By late last week, the U.S. Environmental Protection Agency had placed 2 feet of clay over the parts of Countrywide Salvage that had caught fire, and there was no longer any indication of fire or smoke coming from the site.

Tricia Edwards, EPA on-scene coordinator, said air-quality monitoring showed that nothing harming air quality was leaving the site. Further air-quality testing results will be available next week, she said.

Firefighters and environmental officials were called to the salvage yard, 6542 Orangeville-Kinsman Road, on June 1 for burning tires and found other things in the salvage yard also on fire.

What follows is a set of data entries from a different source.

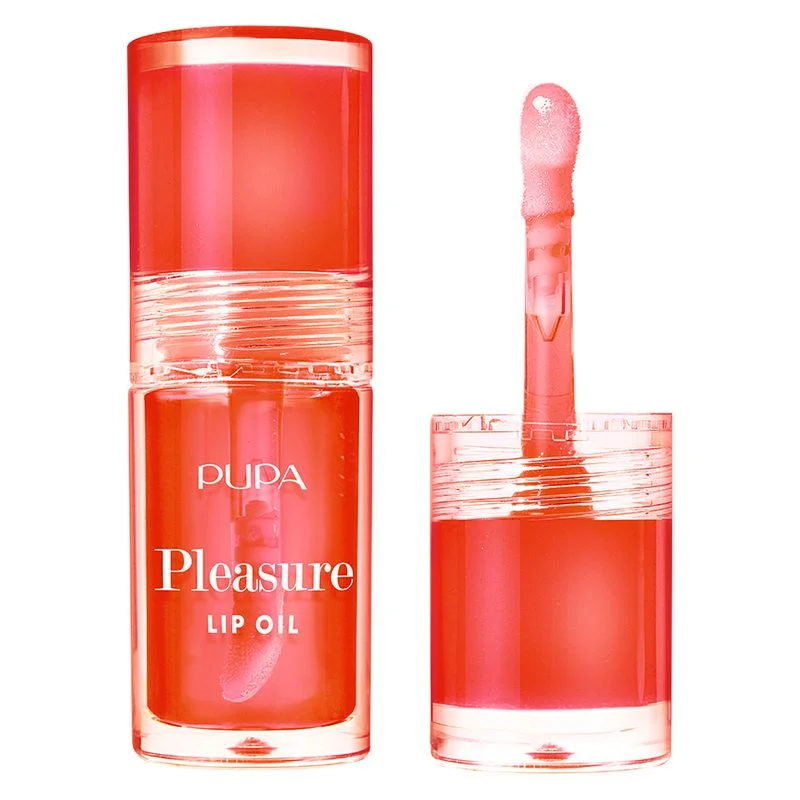 Pupa Pleasure olio labbra - Olio-Elisir Labbra Nutriente 003 - Jummy Strawberry 5 Ml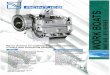 Marine Gearbox for continuous , unlimited operation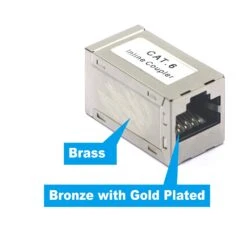RJ45 Shielded Cat6 Coupler VCELINK -VCELINK SHOP M236 5 fbd0bbea e1e0 4132 a376 4332489e73a7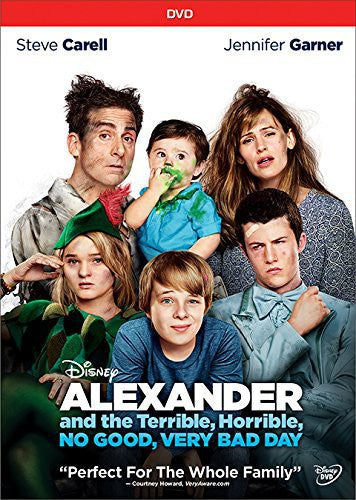 Alexander and the Terrible, No Good, Very Bad Day (DVD)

The yard is just north of state Route 88 near the Pennsylvania border.

The facility was a dump site dating back to the 1970s and 1980s, officials said.

Edwards said it doesn’t appear any water-impacts occurred involving a stream near the salvage yard.

Frank Migliozzi, director of environmental health for the Trumbull County Board of Health, said the health department and EPA suspected the yard of committing illegal landfilling operations about two years ago while the owners were gutting manufactured homes there and landfilling some of materials.

That’s when the board of health ordered the salvage yard, which had an auto-salvage license, to stop accepting any additional material and to clean up improper materials, Migliozzi said.

For a while, the owners followed the health department’s orders, but the cleanup stalled, so early this year, the health department asked the owners for a cleanup plan.

At that point, the facility no longer had a license from the Trumbull County Sheriff’s Office to operate as a salvage yard, and the yard was ordered to comply with the health department before it would be allowed to reopen.

Within the past couple of months, for the first time in a couple of years, inspectors found new material at the site — a large pile of brush and drums of unknown material, Migliozzi said.

The health department is planning to cite the facility for the brush and drums, Migiozzi added.